Current Directions in Biomedical Engineering (Oct 2021)
Generation of surgical reports using keyword-augmented next sequence prediction
Abstract
The documentation of a surgical procedure remains a time-consuming task that surgeons must incorporate into their daily routine. However, since a surgical report should be produced immediately after the operation with all impressions of the procedure in mind, a means of automation assistance should be provided. We, therefore, propose a method that generates surgical reports based on keywords stated during the procedure. Our report generation is based on a sequence-tosequence model that is trained on sentence pairs of two consecutive sentences in a surgical report. The known sentence is augmented with a keyword based on the following surgical action to be documented and is then passed into a language model to generate the next sentence. In this way, the complexity of predicting a vast number of possible surgical report phrasings is reduced to a next sentence prediction task.

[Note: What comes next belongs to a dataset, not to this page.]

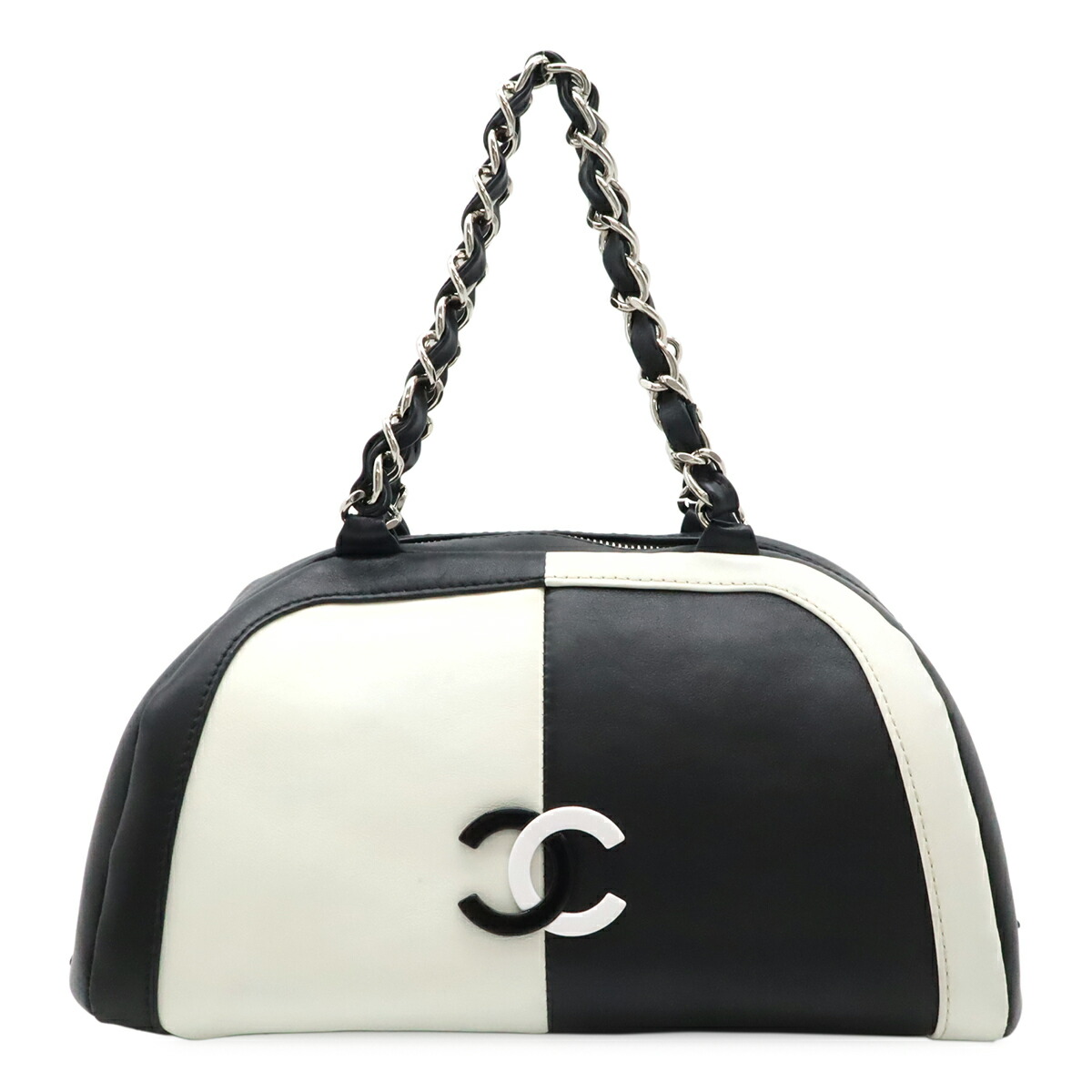 楽天市場】CHANEL シャネル ココマーク ハンドバッグ ミニボストン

For the language model, an encoder-decoder structure was used with bidirectional 2-layer Long-Short Term Memory (LSTM) units for both components and an attention layer between input and output sentences. The training data consisted of 50 ear-,nose- and throat surgery (ENT) reports with 1500 sentences. The model training was performed in a k-fold cross-validation study with k = 10 and cross-entropy loss as the objective function. The generated reports were investigated using NIST, ROUGE, and METEOR metrics. Additionally, three medical experts identified the report content regarding plausibility and text errors. The trained models reached an accuracy of 0.82 for the next sentence predictions. The generated reports show consistent sentence structures and keyword correspondence for about 70 % of provided keyword sequences. The NIST, ROUGE, and METEOR metrics reached 0.65, 0.71, and 0.64, respectively. The model underperformed for not yet known keyword sequences and shows signs of overfitting when keyword sequences deviate from the baseline of the training set. Our approach for the keyword-augmented generation of surgical reports shows the potential of reducing the text generation complexity by providing a sequence of anchor words. However, the automated generation of surgical reports remains a difficult task due to individual report phrasings and the high variance in keyword sequences.